_Your objective_
Copy out every line of the data where the word "Collection" is found.

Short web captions
┌──
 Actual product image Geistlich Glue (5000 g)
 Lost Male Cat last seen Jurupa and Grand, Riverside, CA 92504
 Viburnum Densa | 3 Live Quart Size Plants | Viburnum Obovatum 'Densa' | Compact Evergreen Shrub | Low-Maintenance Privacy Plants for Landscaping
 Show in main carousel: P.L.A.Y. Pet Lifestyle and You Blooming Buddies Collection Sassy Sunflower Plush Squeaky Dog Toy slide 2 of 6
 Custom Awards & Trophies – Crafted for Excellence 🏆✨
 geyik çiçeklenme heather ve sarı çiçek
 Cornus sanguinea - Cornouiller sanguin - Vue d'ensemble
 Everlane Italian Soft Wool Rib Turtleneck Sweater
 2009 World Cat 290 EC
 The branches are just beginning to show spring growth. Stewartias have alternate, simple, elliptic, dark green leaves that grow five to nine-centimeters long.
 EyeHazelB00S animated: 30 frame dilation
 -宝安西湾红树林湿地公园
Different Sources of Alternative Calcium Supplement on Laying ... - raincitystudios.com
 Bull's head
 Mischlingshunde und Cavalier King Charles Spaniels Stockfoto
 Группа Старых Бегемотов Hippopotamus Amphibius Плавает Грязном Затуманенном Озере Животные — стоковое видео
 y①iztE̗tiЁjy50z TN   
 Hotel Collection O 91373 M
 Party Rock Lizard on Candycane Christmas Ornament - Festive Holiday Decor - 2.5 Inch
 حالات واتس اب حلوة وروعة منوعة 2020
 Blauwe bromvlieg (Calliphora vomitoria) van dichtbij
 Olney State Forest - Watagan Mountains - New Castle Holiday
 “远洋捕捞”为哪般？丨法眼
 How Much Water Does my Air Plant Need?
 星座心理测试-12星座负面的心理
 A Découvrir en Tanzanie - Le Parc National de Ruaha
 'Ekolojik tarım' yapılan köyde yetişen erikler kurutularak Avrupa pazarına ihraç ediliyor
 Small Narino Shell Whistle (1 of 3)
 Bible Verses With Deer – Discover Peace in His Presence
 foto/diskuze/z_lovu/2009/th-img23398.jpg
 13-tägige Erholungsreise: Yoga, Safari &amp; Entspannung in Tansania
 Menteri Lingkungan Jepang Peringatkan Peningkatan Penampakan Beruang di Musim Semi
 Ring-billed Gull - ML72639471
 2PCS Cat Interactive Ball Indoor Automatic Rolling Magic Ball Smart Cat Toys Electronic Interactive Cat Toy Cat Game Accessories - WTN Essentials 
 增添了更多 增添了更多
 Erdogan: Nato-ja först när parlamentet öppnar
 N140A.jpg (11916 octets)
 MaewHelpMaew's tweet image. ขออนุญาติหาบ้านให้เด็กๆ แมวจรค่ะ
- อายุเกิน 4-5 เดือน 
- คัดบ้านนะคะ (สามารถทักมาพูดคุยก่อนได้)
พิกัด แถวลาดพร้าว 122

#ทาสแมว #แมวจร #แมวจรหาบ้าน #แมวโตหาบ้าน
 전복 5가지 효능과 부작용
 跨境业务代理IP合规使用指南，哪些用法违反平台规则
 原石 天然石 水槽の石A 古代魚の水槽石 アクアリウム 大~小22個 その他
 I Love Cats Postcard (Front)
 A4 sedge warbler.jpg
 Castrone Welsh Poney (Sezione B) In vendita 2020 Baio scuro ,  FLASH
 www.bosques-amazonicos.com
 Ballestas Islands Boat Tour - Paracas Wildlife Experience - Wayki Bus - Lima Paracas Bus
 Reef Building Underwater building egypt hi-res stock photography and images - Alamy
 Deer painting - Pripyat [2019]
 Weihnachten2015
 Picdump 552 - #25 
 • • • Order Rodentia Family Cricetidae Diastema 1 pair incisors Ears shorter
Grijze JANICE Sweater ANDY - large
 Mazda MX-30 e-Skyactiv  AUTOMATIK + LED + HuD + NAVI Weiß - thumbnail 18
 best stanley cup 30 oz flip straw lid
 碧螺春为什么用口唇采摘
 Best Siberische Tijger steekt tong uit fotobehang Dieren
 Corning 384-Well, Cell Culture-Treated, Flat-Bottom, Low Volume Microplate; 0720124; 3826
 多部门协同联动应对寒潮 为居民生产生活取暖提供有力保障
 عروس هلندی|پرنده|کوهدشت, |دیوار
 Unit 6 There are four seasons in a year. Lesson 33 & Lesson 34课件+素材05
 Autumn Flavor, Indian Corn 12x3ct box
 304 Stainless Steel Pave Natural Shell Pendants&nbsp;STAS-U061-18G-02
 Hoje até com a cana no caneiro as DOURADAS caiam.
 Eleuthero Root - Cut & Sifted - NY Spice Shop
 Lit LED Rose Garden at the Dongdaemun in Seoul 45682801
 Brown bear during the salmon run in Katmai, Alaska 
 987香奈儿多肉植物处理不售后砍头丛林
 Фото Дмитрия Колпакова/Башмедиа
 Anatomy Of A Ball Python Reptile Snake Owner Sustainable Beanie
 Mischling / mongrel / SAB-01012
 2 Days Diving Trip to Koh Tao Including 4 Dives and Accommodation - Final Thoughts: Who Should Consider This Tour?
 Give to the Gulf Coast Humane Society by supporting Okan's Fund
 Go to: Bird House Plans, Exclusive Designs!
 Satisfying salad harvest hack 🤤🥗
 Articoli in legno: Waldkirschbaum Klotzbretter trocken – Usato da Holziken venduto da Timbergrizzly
└──
_Task answer_
 Show in main carousel: P.L.A.Y. Pet Lifestyle and You Blooming Buddies Collection Sassy Sunflower Plush Squeaky Dog Toy slide 2 of 6
 Hotel Collection O 91373 M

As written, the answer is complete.